The house itself is pretty chunky - four bedrooms and two bathrooms upstairs; sitting room and two kitchens downstairs, plus a small dining room that's been turned into a (sort-of) tea room.





Next to that is the shop plus the bakery and prep room, with a courtyard garden and stone outbuilding.
Again, not the best configuration if you want to continue the bakery and tearoom business (you've got competition) and you could definitely do much more with all that upstairs space.


However, it's in a good, central position in a popular Yorkshire Dales village, so lots of potential.
On the market at offers over £315k through Alderson Estate Agents. Details and more pictures on the agent's site here and on Rightmove here.
The final property I want to show you is has the lowest price but the biggest challenge. Hell, it's current planning permission means you can't even live there yourself - you'll be renovating it as a holiday let. Maybe you could do something heritage-tourist or eco-business with the ground floor..??


It's a 16th century ex-watermill in the Cumbrian Lake District. Very, very beautiful on the outside, very much a wreck on the inside.





Widewath Mill isn't listed but that hasn't prevented Lake District National Park planners from setting some pretty tough conditions - it's taken three years for this project to get approved.
On the upside, you do at least know that everyone who could possibly get to comment has had their say, including the bats.
The plans are designed to protect the mill's mechanics and gubbins while wrapping around a high-end one bedroom holiday let. The two-storey mill plus separate stone barn sits on a long, narrow plot that includes the section of river feeding the mill.
So, we're talking carefully renovating a non-mortgageable but beautiful bit of Cumbrian industrial heritage in a protected area of countryside and then charging others to holiday there.
On the market at a cash buyer only guide price of £200k via David Britton. Details, videos and pictures on the agent's site here and on Rightmove here.  
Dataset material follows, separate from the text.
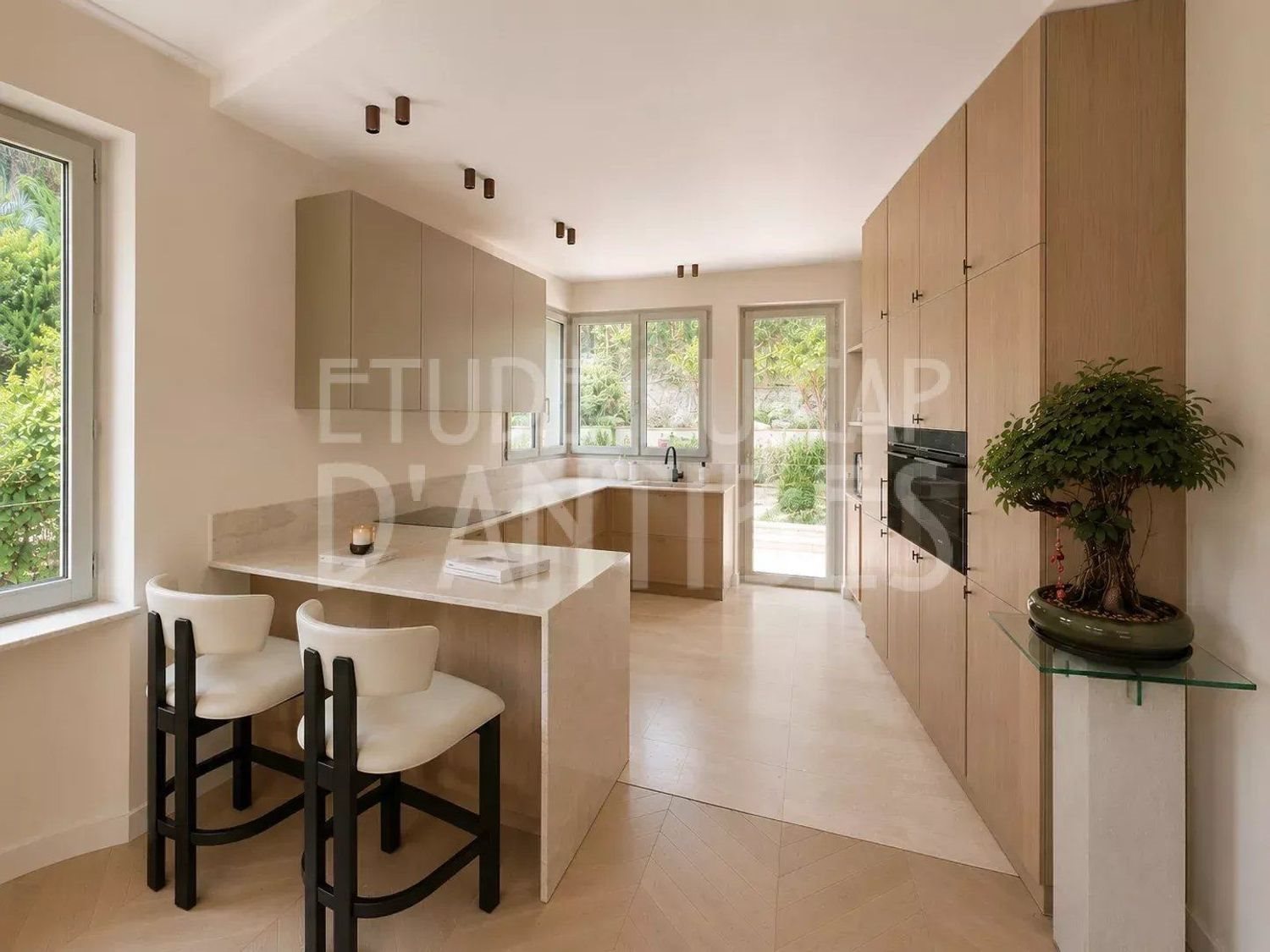Maison à louer, 330m², Cannes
Three properties to hide away in


Well, this is turning into quite the week, again. Any of you feeling the need to run away and hide from this new world ordering? Then follow me...
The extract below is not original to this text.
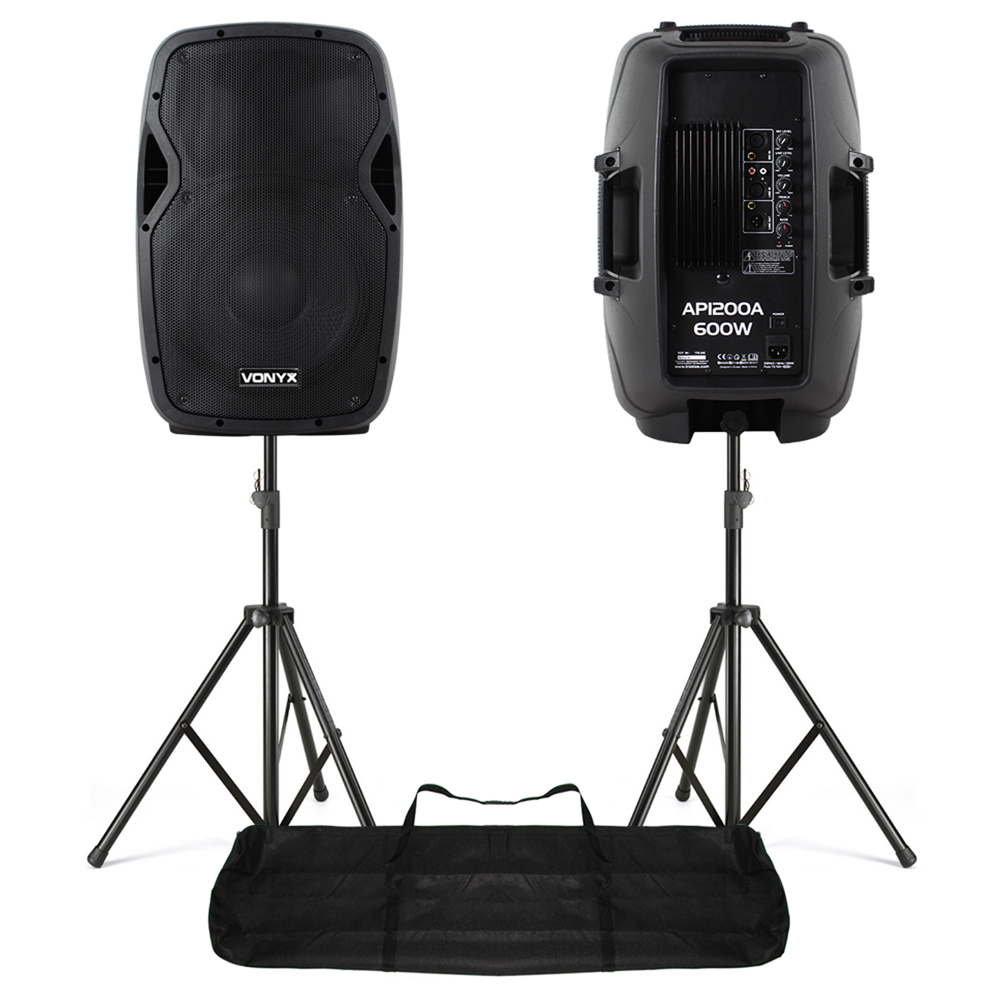 speakers_on_stand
Whittle Dene is a collaborative community living in 10, mostly handbuilt, cabins in the middle of 12 acres of Northumberland wood inhabited by fairies (maybe).
This cabin, Stanhope, was built in 1927 and the cluster of cabins has existed in Whittle Burn Woods since the 1900s. It is a historic site in the middle of ancient woodland, cared for and protected by volunteers and residents. And obviously pretty rare for one of the cabins to come onto the market.
Here's some pictures before we go further.






Stanhope is off-grid to the extent that electricity is provided by its solar panels and back-up generator, heating by log burner, hot water by Calor gas boilers and water is mains fed. So, as long as you don't rock up with your Android or Apple smartphone, you're fairly hidden from those maddening crowds.
Outside are three garden areas with fruit trees, a geo dome that could become a greenhouse, and chicken coop. Boundaries between cabins are "fluid" - an incentive to work your plot.
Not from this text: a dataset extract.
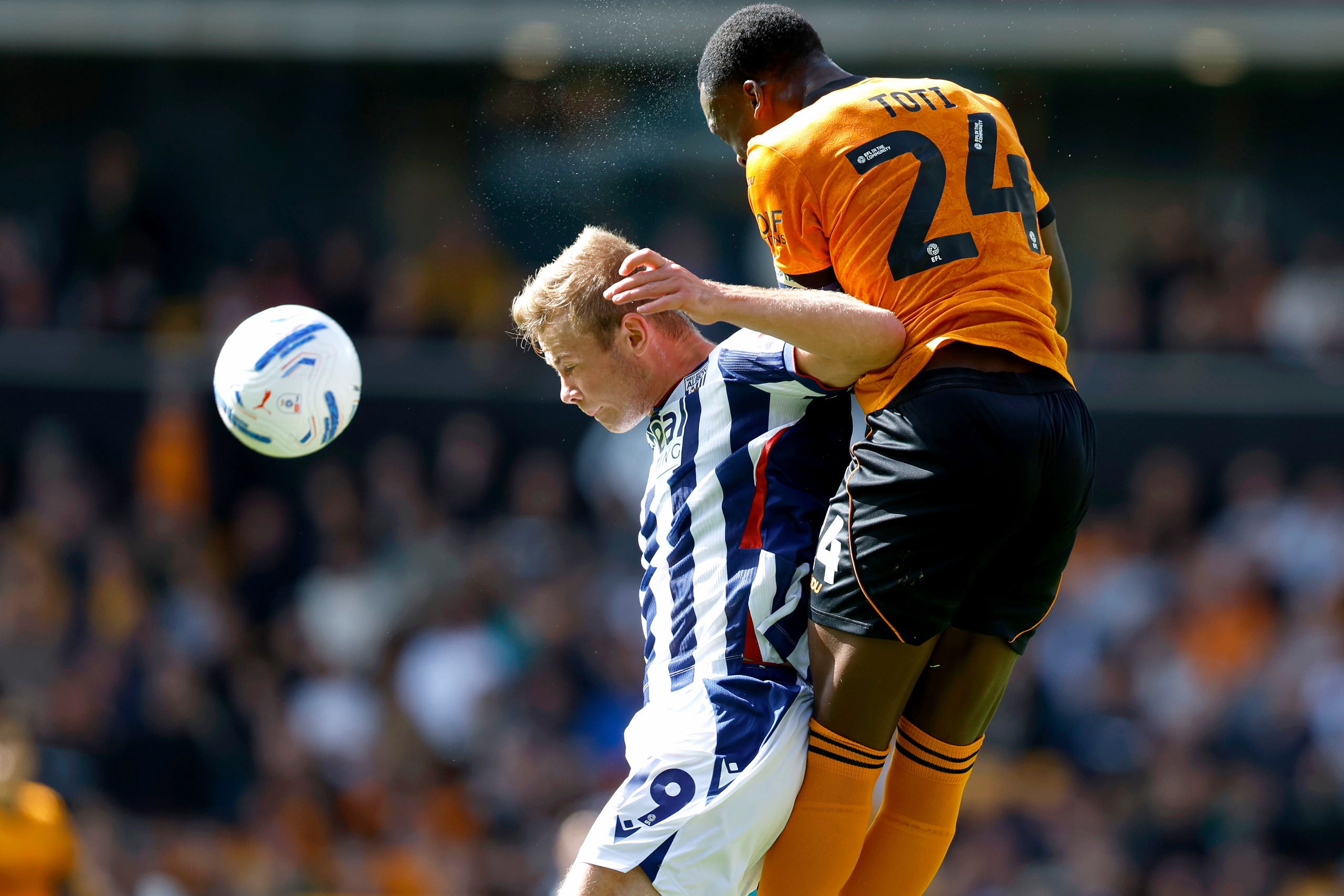 Aune Heggebo and Toti competing for the ball at Molineux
There are two complications for any of you thinking weekend getaway rather than lifestyle choice - access and lease restrictions.
No car access - it's a walk through the woods. You're buying the leasehold (not freehold) and that has been on a rolling one-year lease for 100 years. The current lease holder is trying to see if that can be changed to a more market-normalised 20 year lease. The lease only allows 51 weeks of the year occupation - you have to spend Boxing Day to New Year's Day somewhere else.
Complications aside, this is a very special cabin in a very special wood offering a pretty exceptional escape to a more nature-led life shared with a handful of like-minded neighbours.
On the market at offers over £125k (leasehold) through GFW, details and more pictures on the agent's website here and on UK Land and Farms site here.
My next pick to show you is a more traditional remote cottage. Cefn Coch is a two-bedroom Welsh cottage surrounded by fields and farms and sitting pretty much on its own on a winding set of lanes.
It has a gated and hedged garden, parking and privacy.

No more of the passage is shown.